La qualité des documents iconographiques qui accompagnent un texte riche et dense font de cet ouvrage une incontestable source de mise à niveau des connaissances sur des temps lointains qui n’ont, hélas, qu’une place réduite dans les programmes scolaires.

La question de la dénomination des périodes du temps long des premiers hommes introduit le propos. L’auteure resitue les recherches actuelles dans l’écriture même de l’histoire de ces périodes depuis les premiers travaux de Boucher de Perthes. Tout au long de l’ouvrage les connaissances actuelles sont mises en perspective par un rappel de l’évolution des méthodes et des savoirs.

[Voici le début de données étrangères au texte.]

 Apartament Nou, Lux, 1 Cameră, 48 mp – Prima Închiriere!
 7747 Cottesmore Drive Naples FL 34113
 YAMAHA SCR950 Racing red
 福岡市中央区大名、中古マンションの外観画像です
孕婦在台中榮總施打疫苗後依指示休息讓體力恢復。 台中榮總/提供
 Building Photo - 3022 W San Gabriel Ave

C’est à partir de l’archéologie que les éclairages tantôt chronologiques tantôt thématiques sont déclinés pour une histoire des hommes en Europe.

La naissance de l’Europe

Pour cette première partie l’auteure opte pour un traitement diachronique. Comment concevoir et représenter la première Europe ? Les traces laissées par les premiers Européens sont à la fois variées et difficiles à interpréter, expression d’un langage oral inatteignable, d’un langage visuel et d’un langage matériel dont les découvertes au fil du temps invitent à un renouvellement constant des hypothèses de recherche. Elle propose une typologie en 12 récits et en 12 localisations de l’Irlande au delta du Danube, du Jutland au sud du Massif central en fonction des matériaux, des répertoires représentatifs avec des focus sur la Grotte Chauvet et la Dame de Brassempouy.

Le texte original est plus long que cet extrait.